AmigaKit down?

[motorollin]

Yes.

[motorollin]

Bananas for you Amigakit:

:banana: :banana: :banana: :banana: :banana:

[motorollin]

uk.amigakit.com and amigakit.co.uk both working fine here on Safari and Firefox.

[motorollin]

Maybe the session ID (which seems to be passed within the URL) happens to sometimes go above the limit on the number of characters the web server will accept as a valid URL.

[motorollin]

Looks like whatever redirects to GBP.php is appending the session ID loads of times instead of just once. If you edit the URL to just http://amigakit.leamancomputing.com/catalog/GBP.php?lcsid=xxxxxxxxxxxxxxxxxxxxxxxxxxx then does it work?

Edit - edit your post to remove the session ID. I just got in to your account!
Edit - it's ok, I just did you a favour and logged you off so the session ID is no longer valid.

[motorollin]

amigakit wrote:
in interests of security, please edit the session IDs out of this thread ASAP!  Thanks.

Ok, done. Though it shouldn't matter now since I logged the session out.

[motorollin]

tonyyeb wrote:
Why is the session URL sensitive? I've seen people post links with the session ID in, are people putting personal data at risk?

The session ID is used to identify which user is logged on. When I clicked the link with your session I was able to access the site as if I were logged on as you, meaning I could access your account. That's why it is not secure to post a link with a session ID.

[motorollin]

weirdami wrote:
I'd say perhaps that in the further interest of security that those session ID things be not used. If that's impossible, maybe do like how there is a generic URL that loads things from a session ID accessible page.

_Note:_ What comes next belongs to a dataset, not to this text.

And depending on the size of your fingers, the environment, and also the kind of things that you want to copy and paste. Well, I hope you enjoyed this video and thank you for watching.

The session ID can be stored in a cookie and passed to the web server, or passed between pages by storing it in $_SESSION. Either of these would be preferable to passing the session ID in the URL.

[motorollin]

LoadWB wrote:
The PHPSESSION value stored in a Cookie or POST identifies the session to a new page in order to populate the $_SESSION super-global.  So you can't store the session ID in a $_SESSION variable and expect it to work.

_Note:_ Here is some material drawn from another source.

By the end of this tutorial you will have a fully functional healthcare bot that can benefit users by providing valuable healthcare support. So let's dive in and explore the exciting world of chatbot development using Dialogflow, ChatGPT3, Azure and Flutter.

I'll have to take your word for that. I could never get sessions working properly using $_SESSION so I don't think I understood it properly. I ended up storing the user's variables in a database table and recovering them using the session ID stored in the cookie :-?

[motorollin]

LoadWB wrote:
It's actually easier than it seems.  Before you send any output to the browser, issue a start_session() then you can begin populating $_SESSION variables.  On the next page, issue a start_session() again and you can use the variables.  When you're done, issue a session_destroy() and that's it.

So how does the web server know which session to issue to the browser on subsequent calls to start_session()? Is there a predefined variable which you set to the session ID for start_session() to pass back?